DATA
◇ ◇ ◇

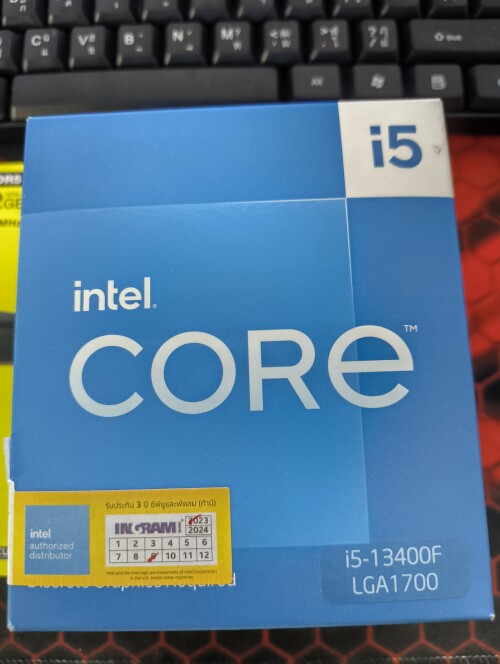 IMG 20260213 115105724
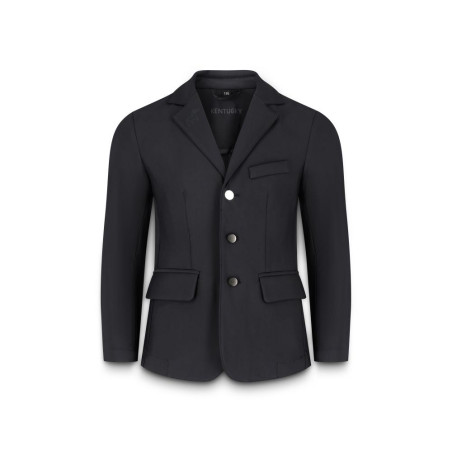 Veste de concours Kentucky Lyon garçon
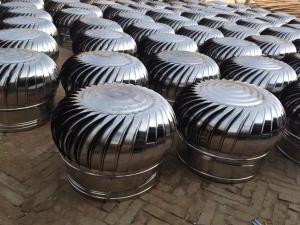 China 500mm Cheap Turbos fan For Sale on sale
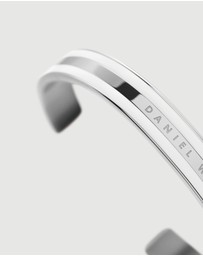 Daniel Wellington - Emalie Bracelet Satin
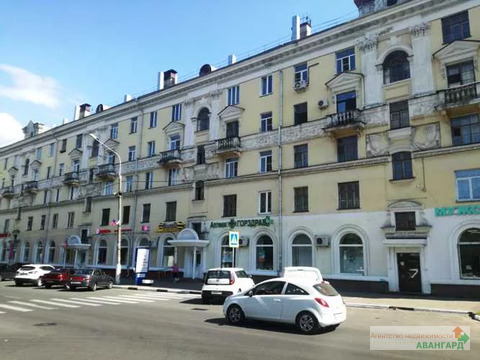 Продается комната, Электросталь, 15м2 Продается комната, Электросталь, 15м2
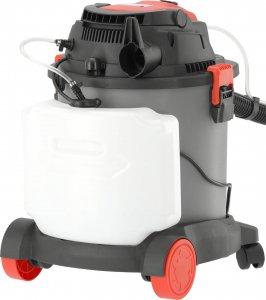 Odkurzacz piorący Vorel LUND MULTIFUNCTIONAL WASHING VACUUM CLEANER 1200W 4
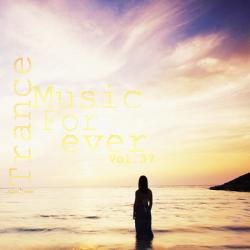 VA - Trance - Music For ever Vol.2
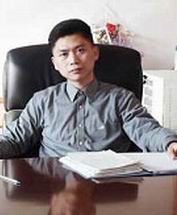 张志祥_商界精英_人物专栏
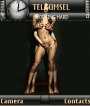 Art_Nude_version_3_Theme_by_KrisnaBP.sis
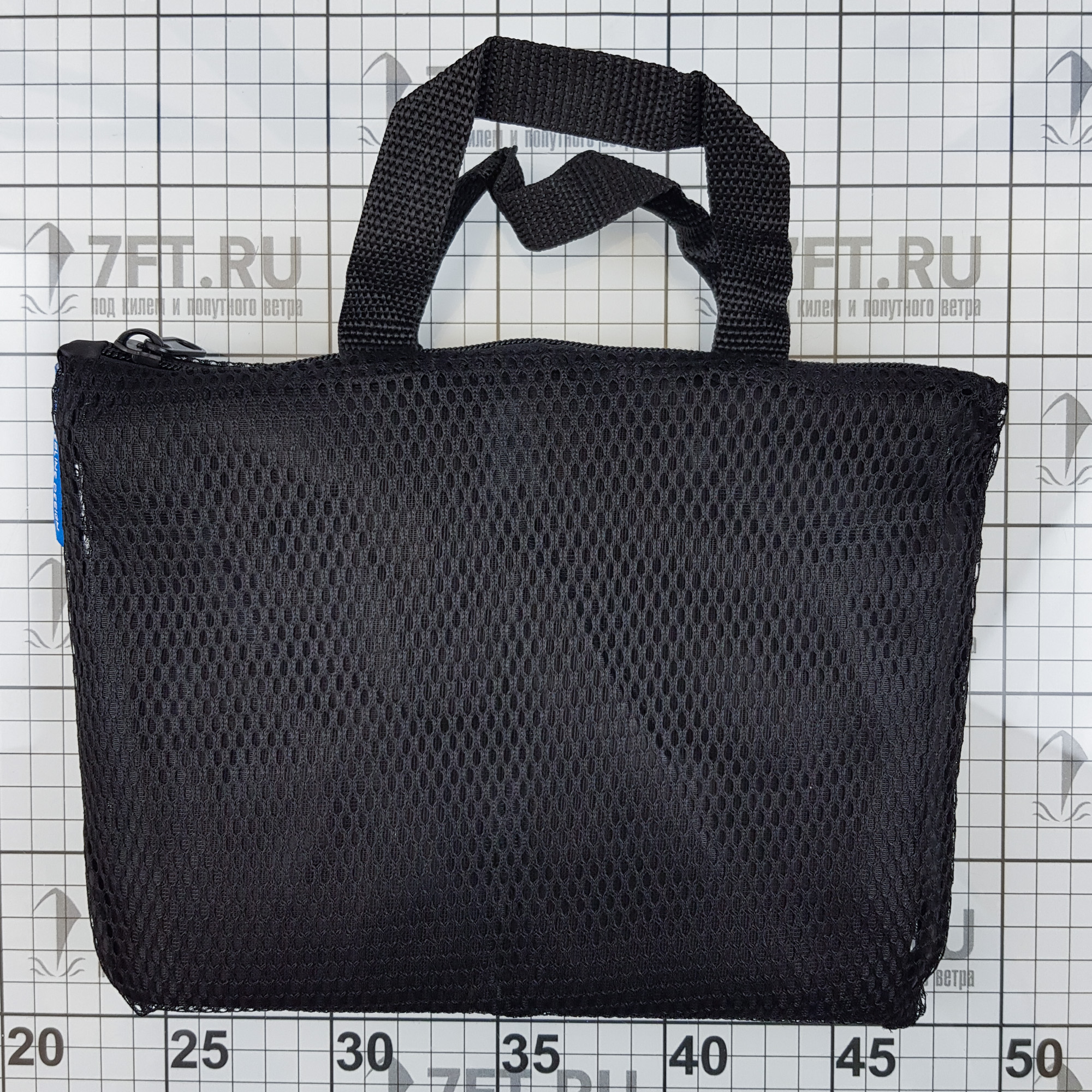 Купить Москитная сетка для люков Waterline Design 1715 720x720мм размер L в сумке 7ft.ru в интернет магазине Семь Футов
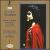 Rossini: Tancredi von Marilyn Horne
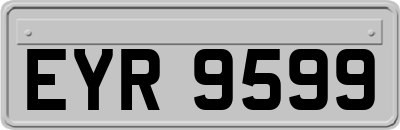 EYR9599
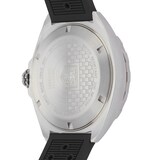 Pre-Owned TAG Heuer Formula 1 WAZ2113.FT8023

◇ ◇ ◇

TASK STATEMENT
Copy out all the data above exactly as written. Skip the pictures.

SOLUTION TO THIS TASK
 IMG 20260213 115105724
 Veste de concours Kentucky Lyon garçon
 China 500mm Cheap Turbos fan For Sale on sale
 Daniel Wellington - Emalie Bracelet Satin
 Продается комната, Электросталь, 15м2 Продается комната, Электросталь, 15м2
 Odkurzacz piorący Vorel LUND MULTIFUNCTIONAL WASHING VACUUM CLEANER 1200W 4
 VA - Trance - Music For ever Vol.2
 张志祥_商界精英_人物专栏
 Art_Nude_version_3_Theme_by_KrisnaBP.sis
 Купить Москитная сетка для люков Waterline Design 1715 720x720мм размер L в сумке 7ft.ru в интернет магазине Семь Футов
 Rossini: Tancredi von Marilyn Horne
 EYR9599
 Pre-Owned TAG Heuer Formula 1 WAZ2113.FT8023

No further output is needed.